───── Provided data

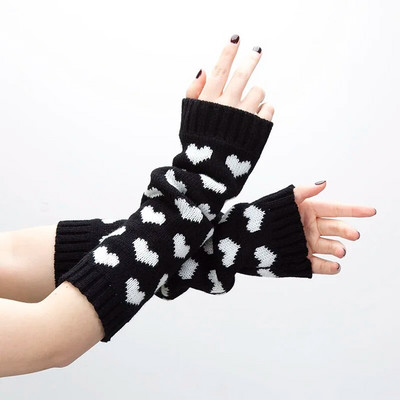 Nove ženske rukavice Grijači za noge Japanski Lolita Kawaii rukavi za ruke Dva načina nošenja gotičkih Y2K heklanih pletenih toplih rukavica bez prstiju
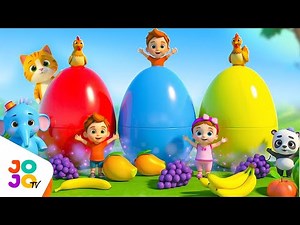 Learn Fruit Names with Surprise Eggs 🥚🍉 | Cat, Hen & Friends!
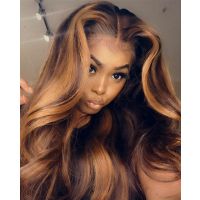  WoWEbony Indian Remy NC/27 brown/blonde Stripe Highlight Color Wave HD Lace Frontal Wigs [WOW16]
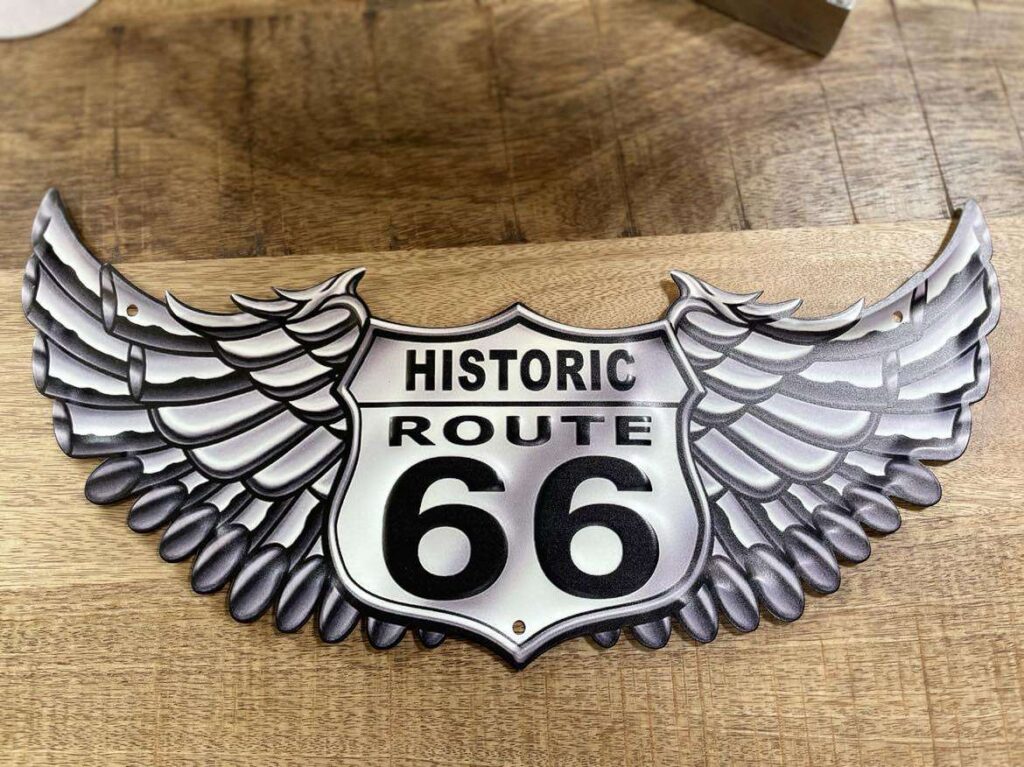 PLAQUE METAL HISTORIC ROUTE 66 AILES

──────────

== What the task asks ==
Please repeat the data above exactly as it appears, pictures excluded.

== Reply ==
 Nove ženske rukavice Grijači za noge Japanski Lolita Kawaii rukavi za ruke Dva načina nošenja gotičkih Y2K heklanih pletenih toplih rukavica bez prstiju
 Learn Fruit Names with Surprise Eggs 🥚🍉 | Cat, Hen & Friends!
  WoWEbony Indian Remy NC/27 brown/blonde Stripe Highlight Color Wave HD Lace Frontal Wigs [WOW16]
 PLAQUE METAL HISTORIC ROUTE 66 AILES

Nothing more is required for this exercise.